Our expert answers 3 Questions
As the demand for comparative effectiveness evidence grows, I have been thinking about how decision science methods can be used to provide information on the benefits and harms of clinical interventions and public health programs when data are scarce. My research focuses on child health, where it can be challenging to find data on both short-term and long-term outcomes. Through the use of modeling, we can predict outcomes for child health interventions into adulthood and throughout the lifespan. In collaboration with others, I also have been thinking about how to define patient-centered outcomes in the context of child health. In particular, we have been trying to innovatively capture the family spillover effects of having an ill child, which is key to fully valuing the benefits of child health interventions.
The use of modeling provides a structured approach to decision making, often requiring explicit discussion of assumptions that may otherwise remain unexamined. This increased transparency in the decision-making process can lead to more informed decisions and increased consensus for clinical guidelines and public health programs. Understanding the range of possible outcomes and where the most uncertainty lies through the use of simulation modeling can lead to better decisions.

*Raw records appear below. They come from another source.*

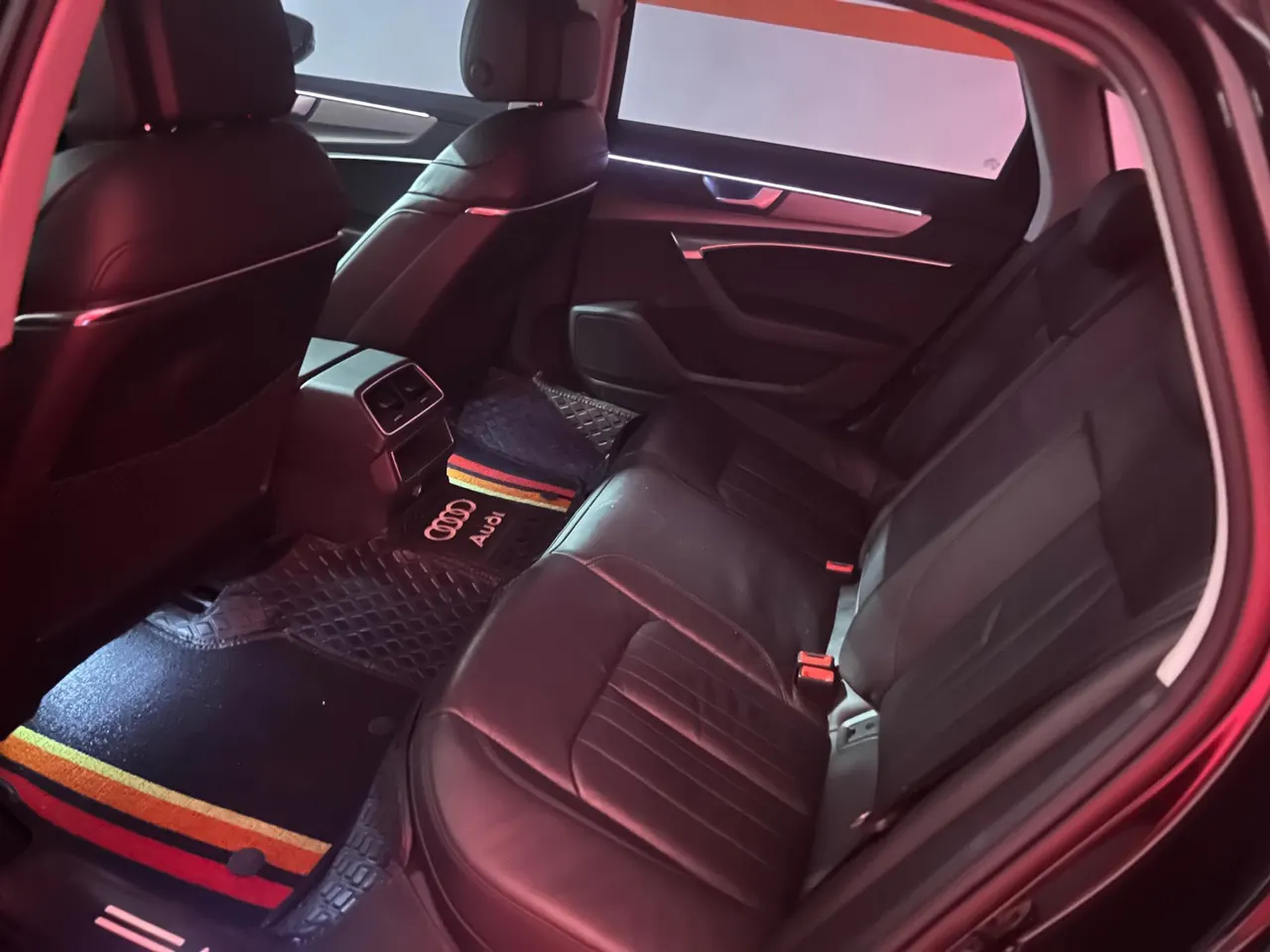 Audi 2022 A6L 2.0TFSI 40TFSI Deluxe Elegant Automatic 3
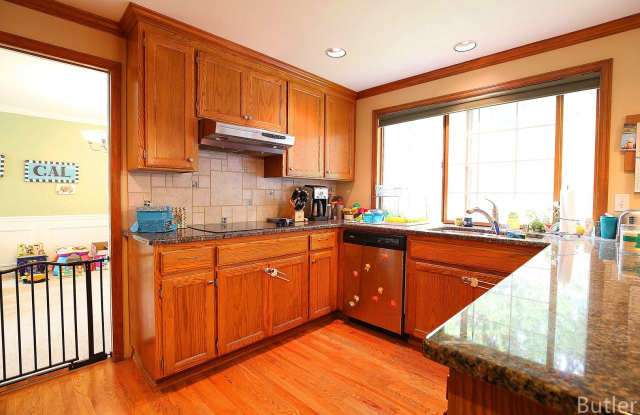 CLICK "REQUEST A TOUR" NOW! photos photos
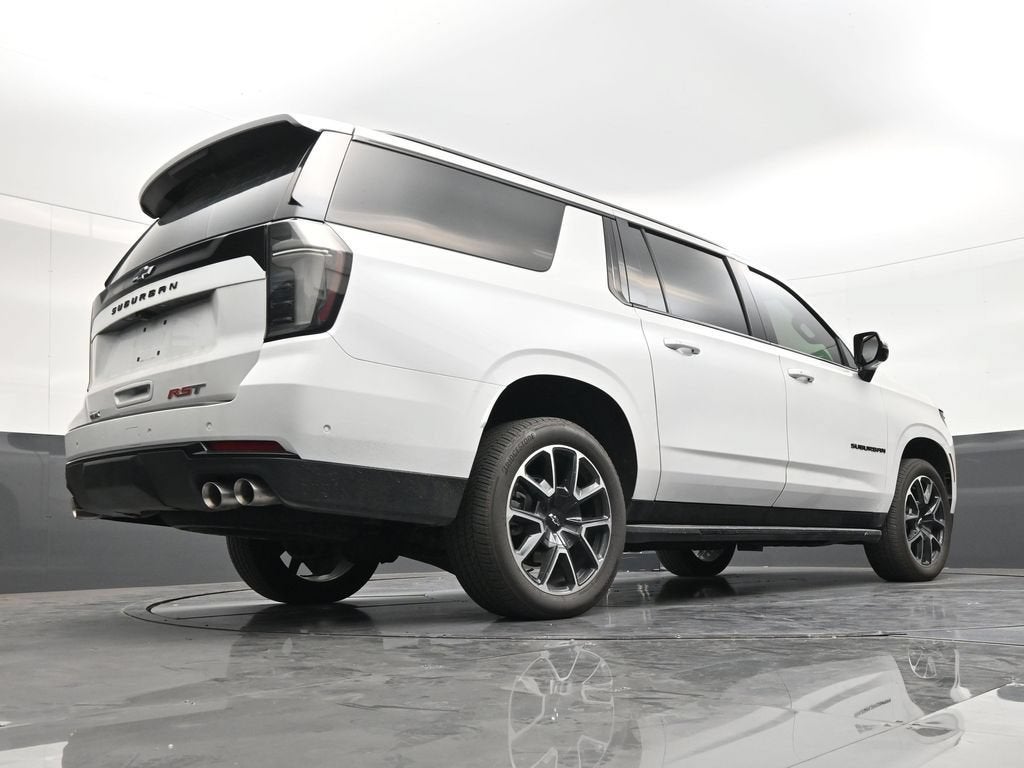 2025 Chevrolet Suburban RST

We have used decision models to support national policy recommendations for universal newborn screening. Decision analytic modeling can be used in many situations in which it is unethical or infeasible to conduct randomized trials. Through modeling, we can conduct “simulated clinical trials” to provide relevant information for national policy decisions and clinical guidelines. For evaluating child health interventions, I anticipate that we will see increased use of modeling to inform health care decision making, as well as new definitions of family-centered outcomes. With respect to outcomes, it’s exciting to consider new measures for valuing child health that go beyond the individual patient perspective.